The history of the church is these parts goes back 1,500 years to the sixth century AD when a Christian monastic foundation was established in Rosemarkie.
It is believed that the present Rosemarkie Church of Scotland (opened in 1821) stands on this site, and much authenticated archeaological evidence is available to support that conclusion. There is further early evidence that the centre of gravity of Christianity in this area moved about one mile to the west where a Cathedral was built; the ruins of a thirteenth-century successor to that building exist to this day, in Fortrose. The structures are carefully maintained by Historic Scotland.

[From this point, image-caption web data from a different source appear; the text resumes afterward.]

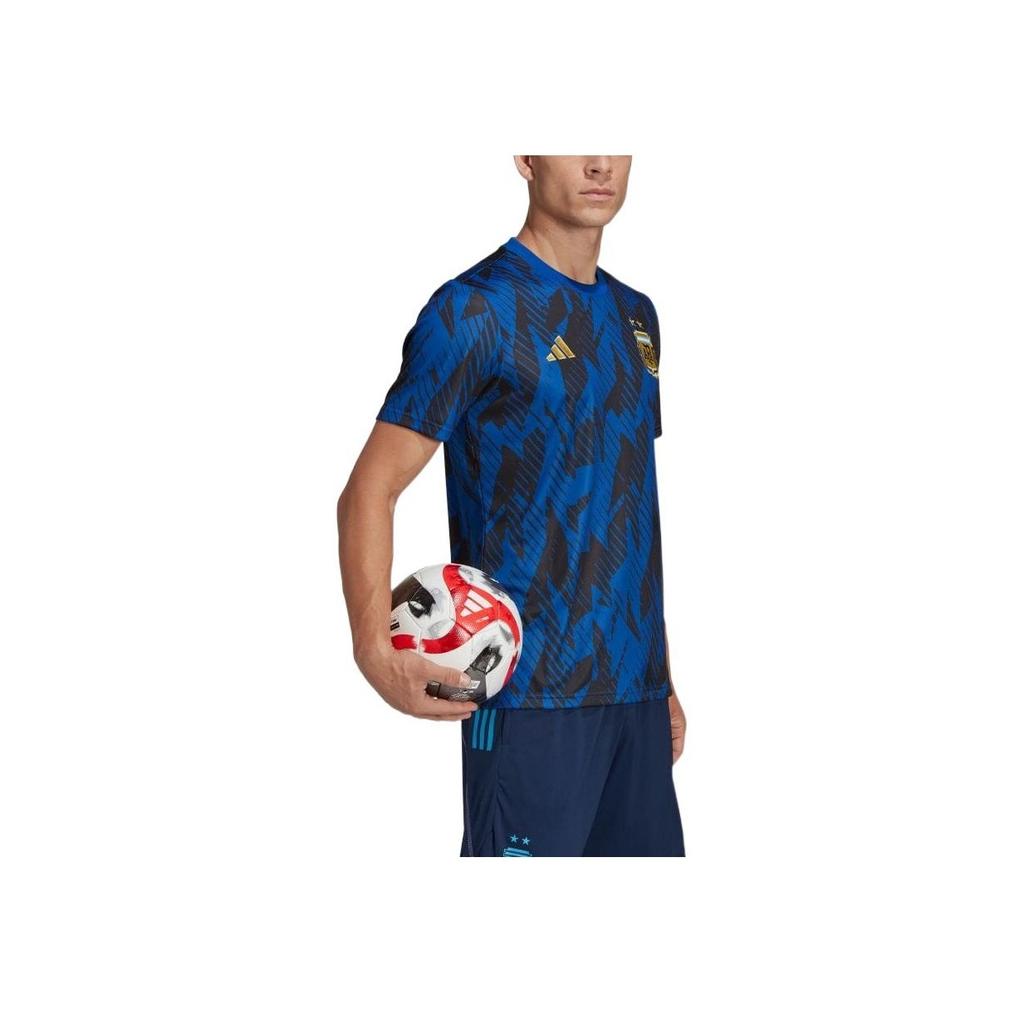 adidas Мужские предматчевые майки с короткими рукавами сборной Аргентины, королевский синий HG7233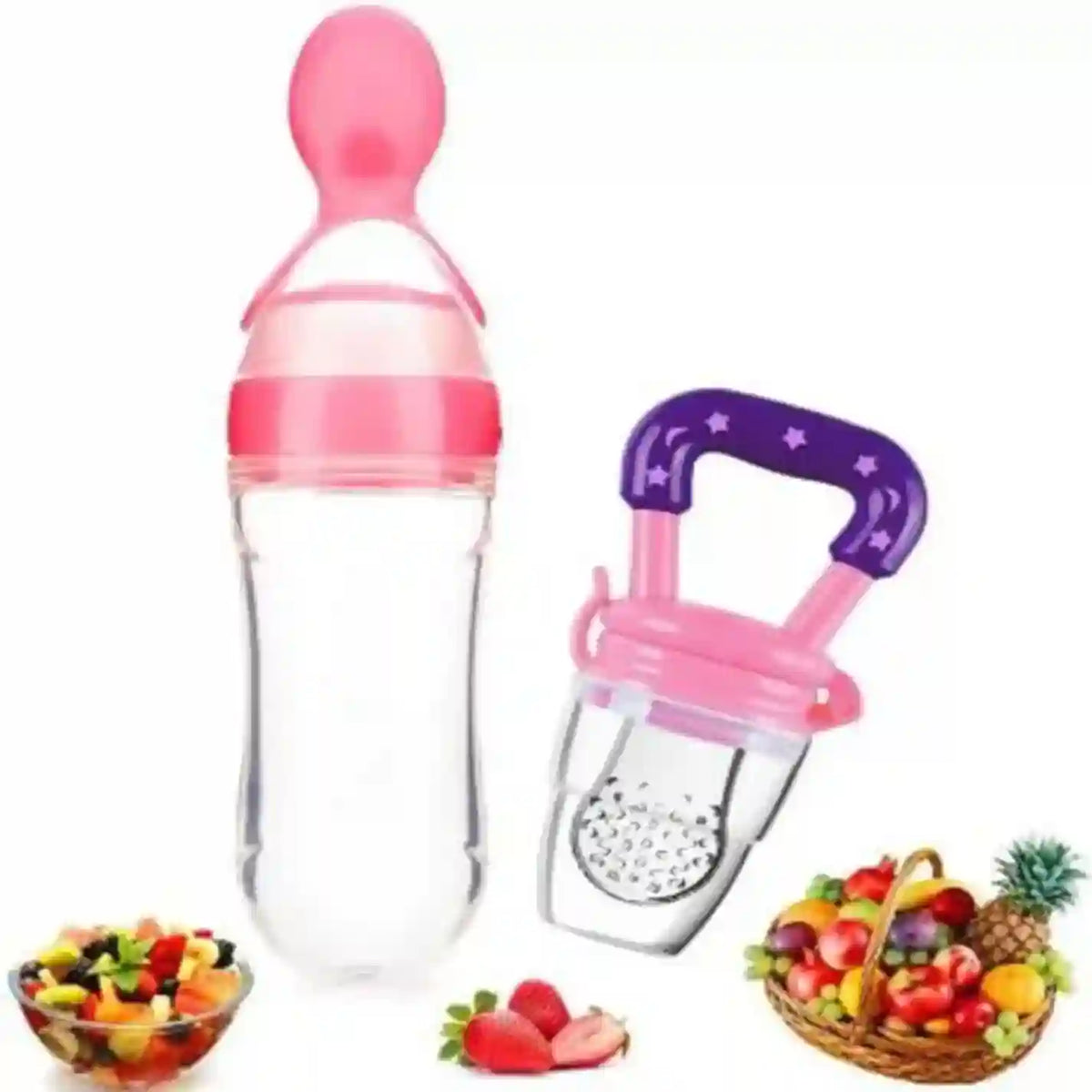Baby bottle and feeder with fruit illustrations on a white background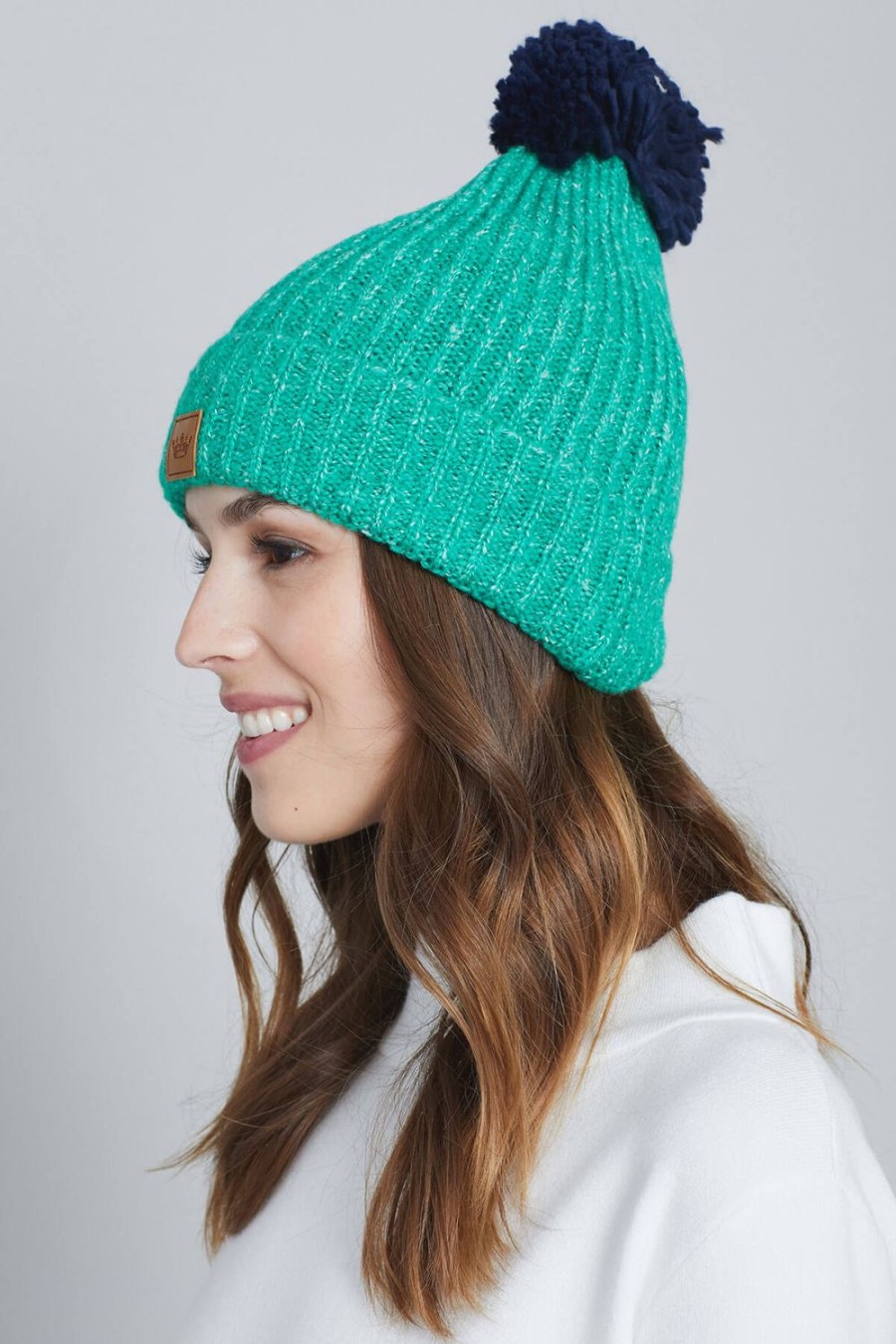 Accessories Panache | Panache Green With Navy Pom Pom Hat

The history of the church following the Reformation is fairly well documented for the Fortrose & Rosemarkie area and (concerning the Church of Scotland) culminates in the union of Fortrose Church of Scotland with Rosemarkie Church of Scotland into one parish, the present-day Parish of Fortrose and Rosemarkie. It is now linked with the nearby Parish of Avoch. Following the retirement of Rev Alan T McKean on 31st March 2017, the charge is now vacant. Rev Nick Archer is the interim moderator.
There is not space here to go into the details of the post-Reformation events and developments, but a few copies remain of a booklet entitled ‘A Short History of the Parish of Fortrose & Rosemarkie’ by Stuart Edmond.